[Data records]

-------

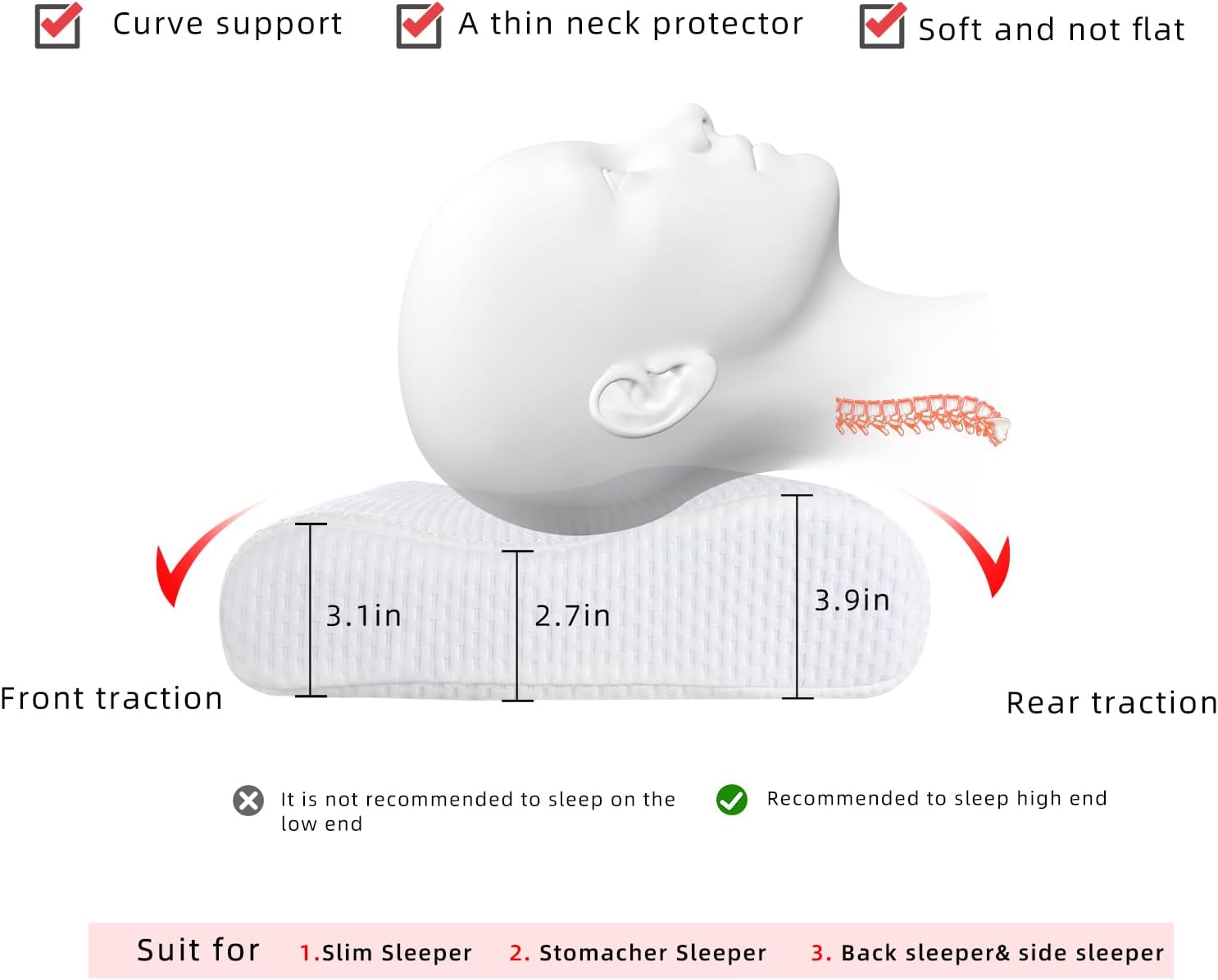 Suqiome SUQ I OME Sleeper-Gel Thin Memory Foam Neck Pillow for Sleeping,3.1/3.9‘’ Height, Ultra Thin & Low Cervical Profile, for Stomac…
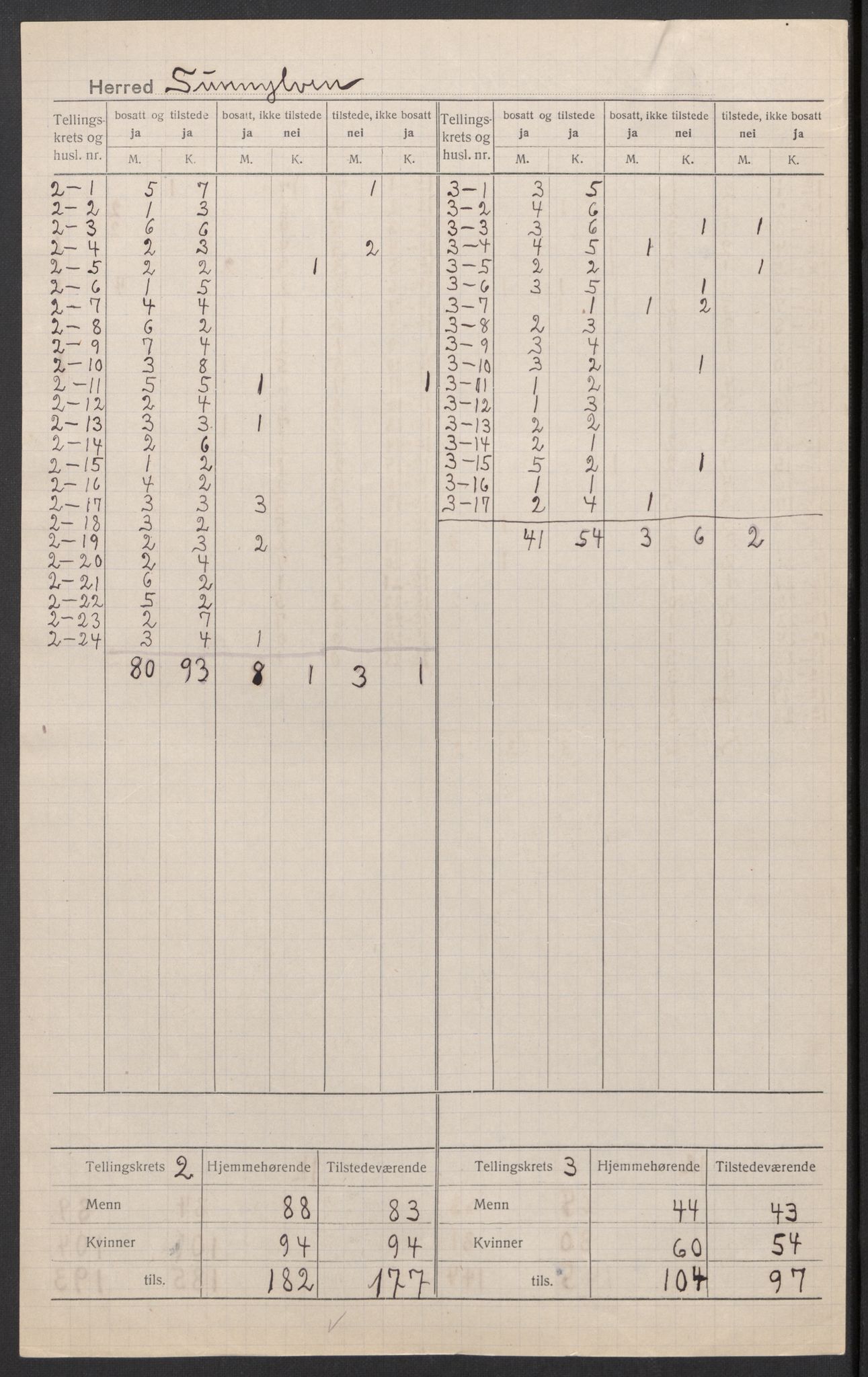 SAT, 1920 census for Sunnylven, 1920, p. 4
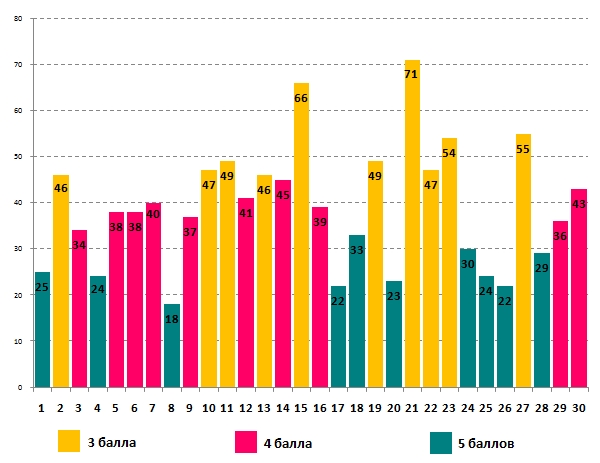 Линвистёнок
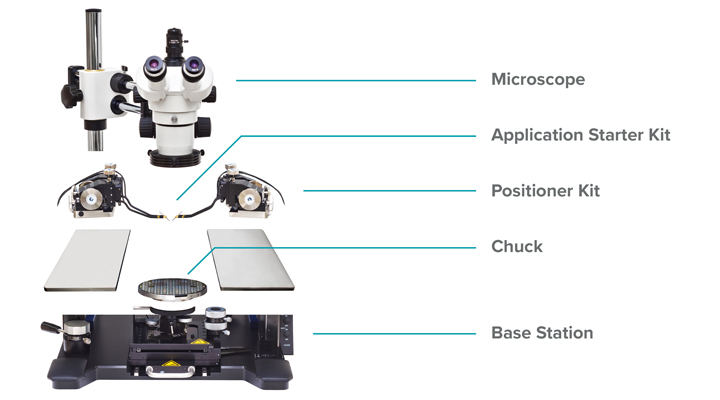 150 MM Manual Open Probe Station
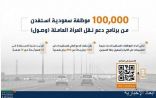“هدف”: 100 ألف موظفة سعودية استفَدْنَ من برنامج دعم نقل المرأة العاملة (وصول
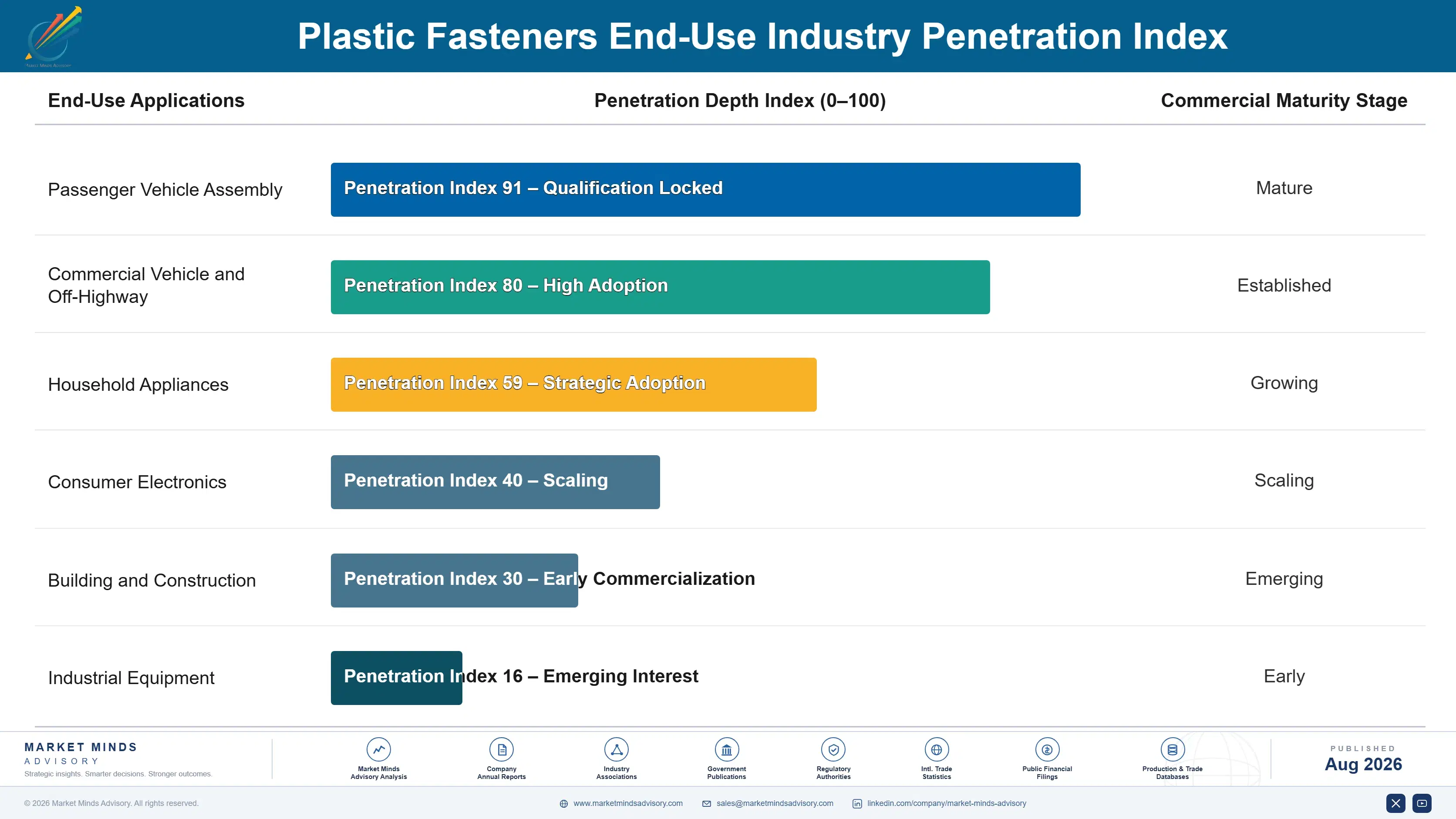 plastic-fasteners-market-trends-end-use-penetration-index-1787580545386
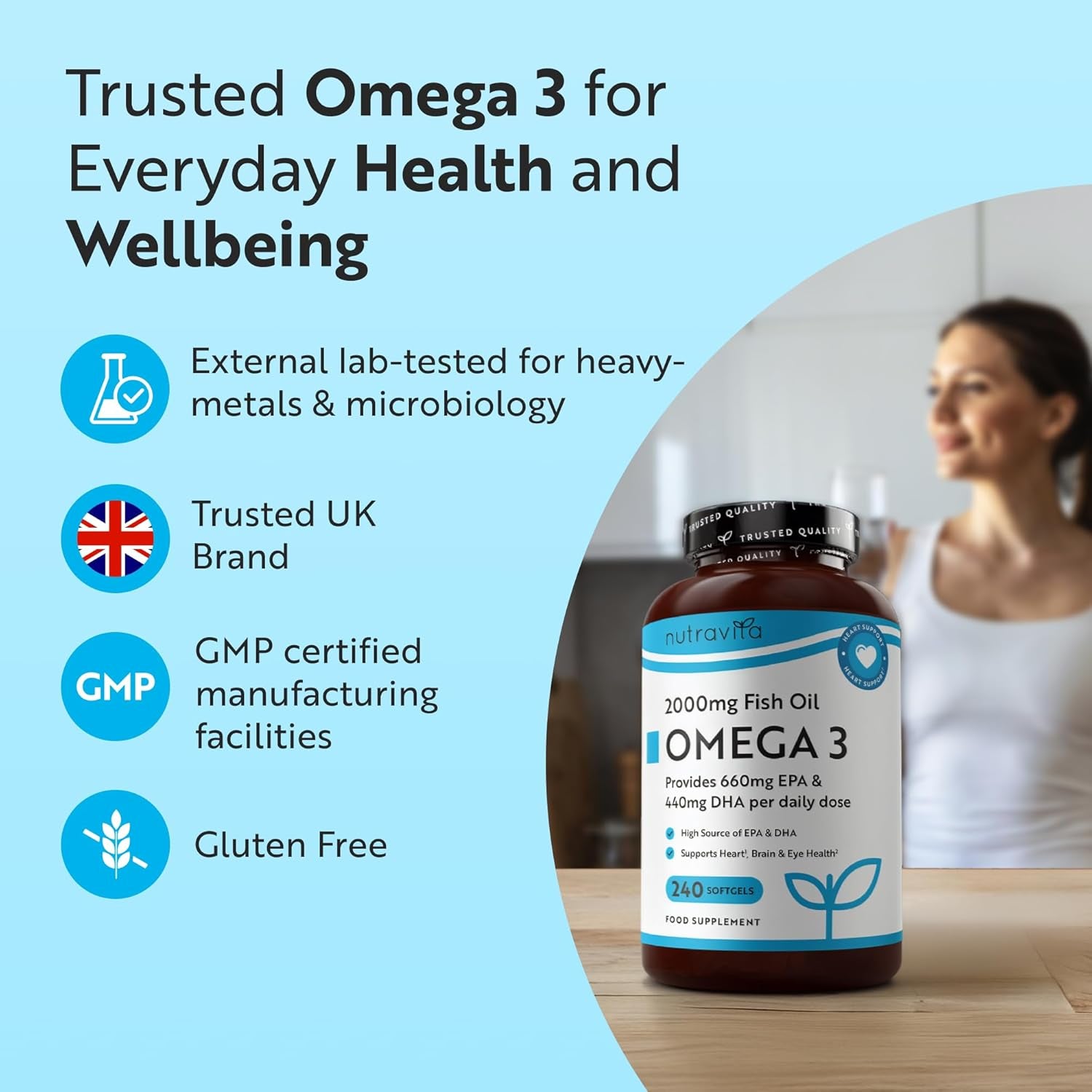 Omega 3 Capsules High Strength 2000Mg with 660Mg EPA & 440Mg DHA - 240 Softgel Omega 3 Fish Oil Capsules for 4 Months of Supply - Heart, Brain & Vision - Fish Oil Supplements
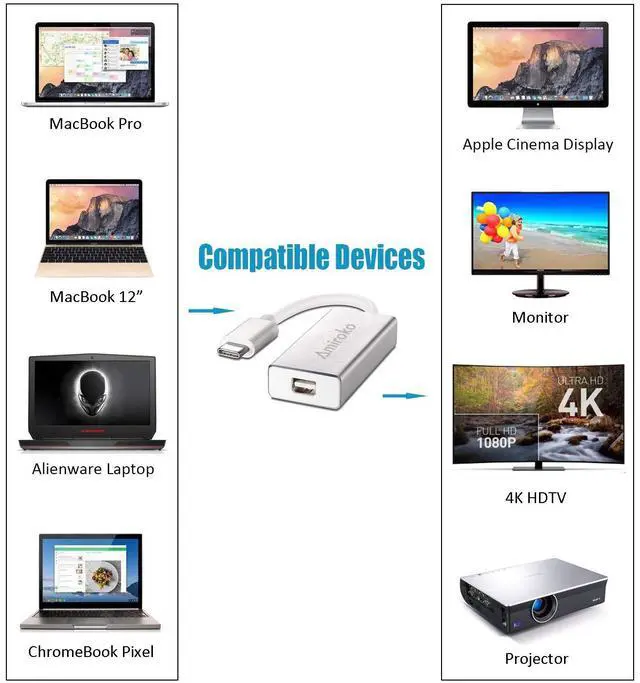 Alt view image 7 of 7 - USB-C to Mini DisplayPort Adapter, USB 3.1 Type C (Thunderbolt 3) to Mini DP Adapter 4K Compatible with Lenovo T470, MacBook Pro to LED Cinema Display/Dell Monitor, etc - Silver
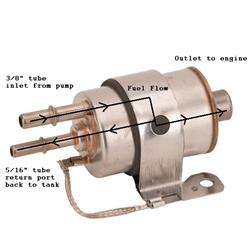 LS1 EFI Fuel Pump And Regulator/Filter Kit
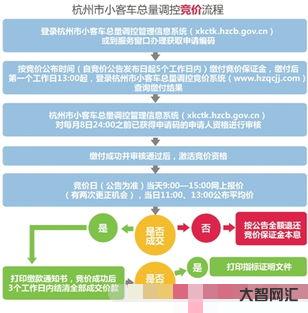 杭州小客车指标调控管理信息系统(杭州小客车指标调控管理信息系统网站)-大智网汇
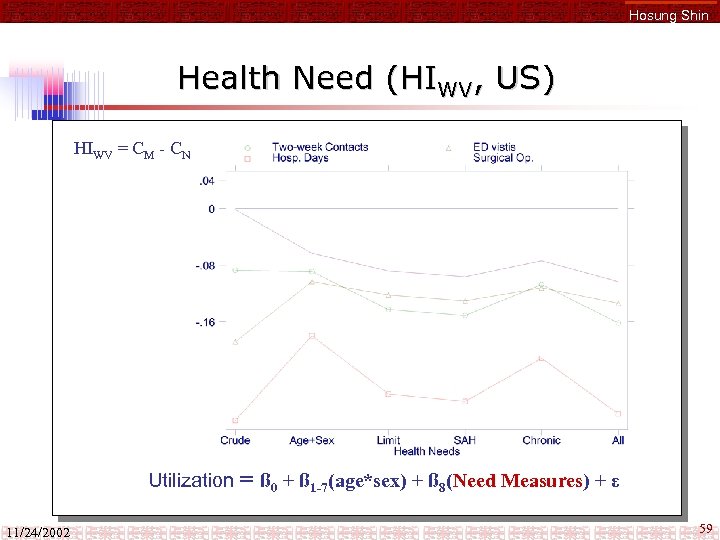 Hosung Shin Health Need (HIWV, US) HIWV = CM - CN Utilization 11/24/2002 =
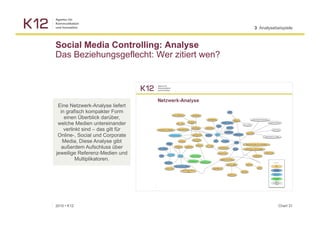 3 Analysebeispiele



Social Media Controlling: Analyse
Das Beziehungsgeflecht: Wer zitiert wen?




 Eine Netzwerk-Analyse liefert
  in grafisch kompakter Form
    einen Überblick darüber,
 welche Medien untereinander
    verlinkt sind – das gilt für
 Online-, Social und Corporate
   Media, Diese Analyse gibt
  außerdem Aufschluss über
jeweilige Referenz-Medien und
          Multiplikatoren.




2010 ▪ K12                                            Chart 31
 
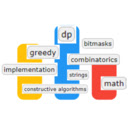Codeforces tags checker  screen for extension Chrome web store in OffiDocs Chromium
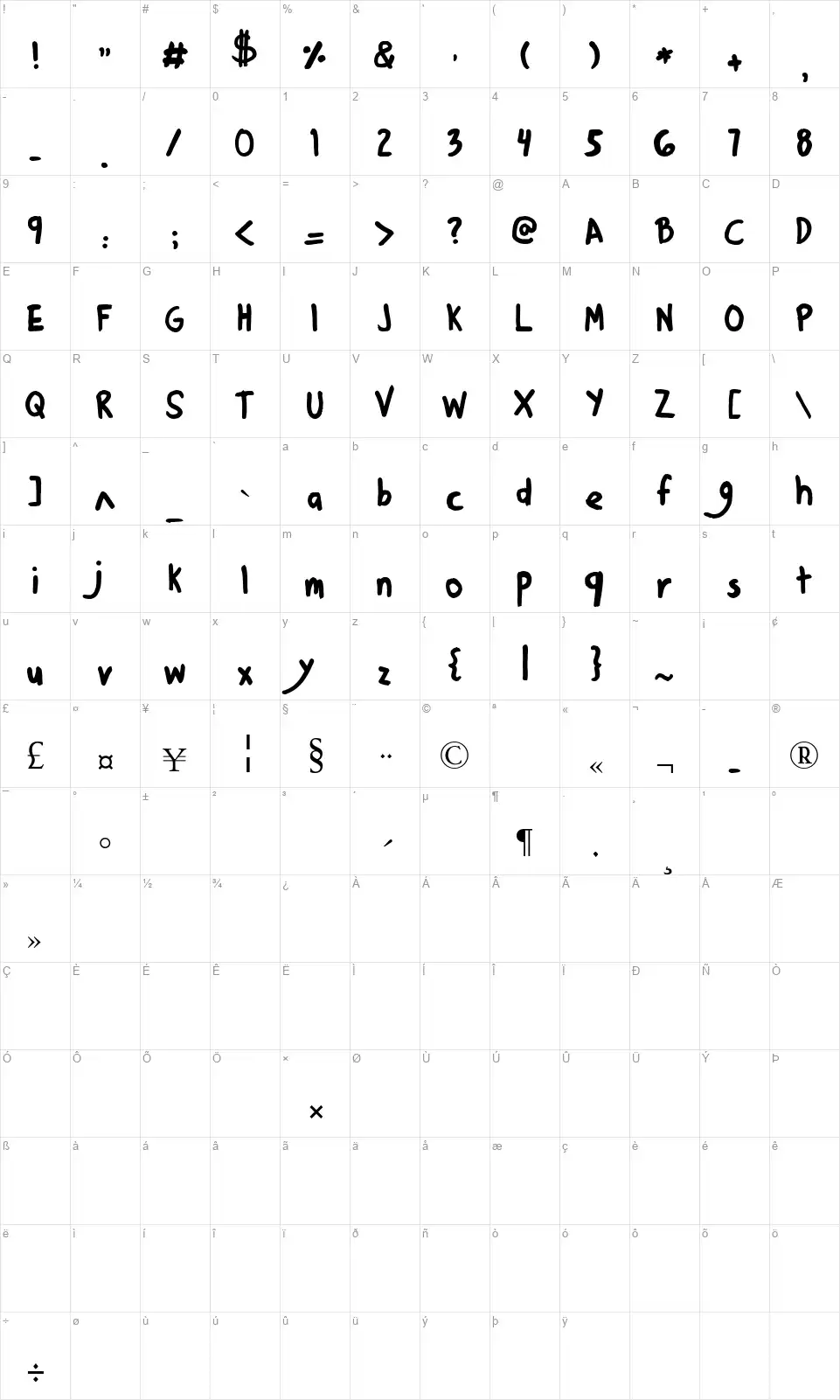 Denne Kitten Heelsfont character map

-------

The task. For this exercise, reproduce the data above exactly from the line containing "المرأة العاملة (وصول" through its final line, both ends included, with no pictures in the copy.

Completed exercise.
“هدف”: 100 ألف موظفة سعودية استفَدْنَ من برنامج دعم نقل المرأة العاملة (وصول
 plastic-fasteners-market-trends-end-use-penetration-index-1787580545386
 Omega 3 Capsules High Strength 2000Mg with 660Mg EPA & 440Mg DHA - 240 Softgel Omega 3 Fish Oil Capsules for 4 Months of Supply - Heart, Brain & Vision - Fish Oil Supplements
 Alt view image 7 of 7 - USB-C to Mini DisplayPort Adapter, USB 3.1 Type C (Thunderbolt 3) to Mini DP Adapter 4K Compatible with Lenovo T470, MacBook Pro to LED Cinema Display/Dell Monitor, etc - Silver
 LS1 EFI Fuel Pump And Regulator/Filter Kit
 杭州小客车指标调控管理信息系统(杭州小客车指标调控管理信息系统网站)-大智网汇
 Hosung Shin Health Need (HIWV, US) HIWV = CM - CN Utilization 11/24/2002 =
 3 Analysebeispiele



Social Media Controlling: Analyse
Das Beziehungsgeflecht: Wer zitiert wen?




 Eine Netzwerk-Analyse liefert
  in grafisch kompakter Form
    einen Überblick darüber,
 welche Medien untereinander
    verlinkt sind – das gilt für
 Online-, Social und Corporate
   Media, Diese Analyse gibt
  außerdem Aufschluss über
jeweilige Referenz-Medien und
          Multiplikatoren.




2010 ▪ K12                                            Chart 31
 
Codeforces tags checker  screen for extension Chrome web store in OffiDocs Chromium
 Denne Kitten Heelsfont character map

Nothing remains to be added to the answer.